May i just train a translation task with T5 from scratch without pretrain a language model?

huggingface / transformers

🤗 Transformers: State-of-the-art Machine Learning for Pytorch, TensorFlow, and JAX.

https://huggingface.co/transformers

Apache License 2.0

133.79k stars 26.75k forks source link

May i just train a translation task with T5 from scratch without pretrain a language model? #17451

Closed 520jefferson closed 2 years ago

520jefferson commented 2 years ago

Feature request

May i use bpe in preprocessing and train a translation model from scatch without pretrain a language model? @patrickvonplaten

Motivation

I want to distill a big model to T5 model and the T5 vocab should be the same as big model.

Your contribution

I can verify the process.

patrickvonplaten commented 2 years ago

Hey @520jefferson,

I understand your question as whether it's possible to fine-tune T5 from scratch and to not use a pretrained checkpoint.

Yes, this should definitely be possible, but I wouldn't really recommend it given the power of transfer learning.

Here also some very nice explanation by @sgugger on how powerful transfer learning is that might be interesting: https://huggingface.co/course/chapter1/4?fw=pt#transfer-learning

Why not fine-tune a pretrained T5 model on translation?

520jefferson commented 2 years ago

Hey @patrickvonplaten

I want to distill a big model (pytorch version) to t5 model (considering the FasterTransformer Backend https://github.com/triton-inference-server/fastertransformer_backend has provide origin T5 (not t5.1) triton backend optimization , this reasoning optimizaiton will be conducive to carrying more online traffic) , why i don't use transformer as the student model because i haven't find the pytorch version transformer with reasoning optimization and combining with triton.

And the big model use bpe not sentencepiece, So the tokenizer should be load the bpe codes and the vocabs is differenct from the origin t5 model. Therefore i want to distill the big model to t5 model and use the vocab in the same time.

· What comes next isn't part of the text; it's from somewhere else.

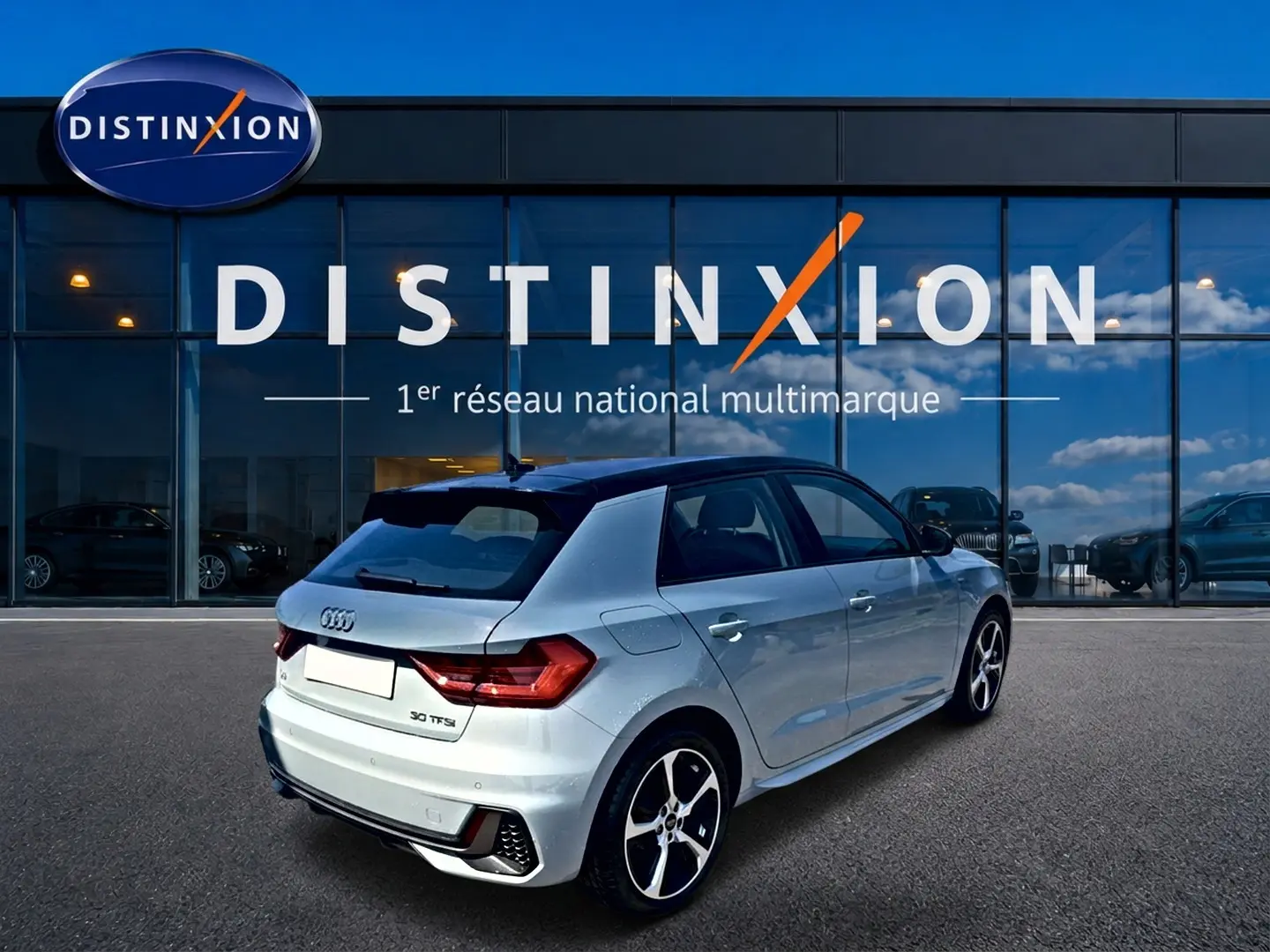 Audi A1 Sportback gris arrow avec toit noir, vue 3/4 arrière droit, jantes alliage et becquet arrière visible.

So I need to figure out two things: 1, whether the t5 can be train in dialogue without pretrain which treat the t5 like transformer without pretrain and i haven't find a relate case finetune from scratch. 2, how to set the tokenizer to just use bpe codes?

patrickvonplaten commented 2 years ago

Sorry I'm a bit lost here @520jefferson,

I don't fully understand what you want to do here, but I guess the target task is distillation? Should we maybe try to get help on the forum: https://discuss.huggingface.co/ for distillation?

520jefferson commented 2 years ago

@patrickvonplaten I just need to finetune t5 from scratch without pretrain, and the tokenizer can just load vocab.txt (not json) or merges.txt (bpe codes).

github-actions[bot] commented 2 years ago

This issue has been automatically marked as stale because it has not had recent activity. If you think this still needs to be addressed please comment on this thread.

Please note that issues that do not follow the contributing guidelines are likely to be ignored.

520jefferson commented 2 years ago

the tokenizer can be built by hand.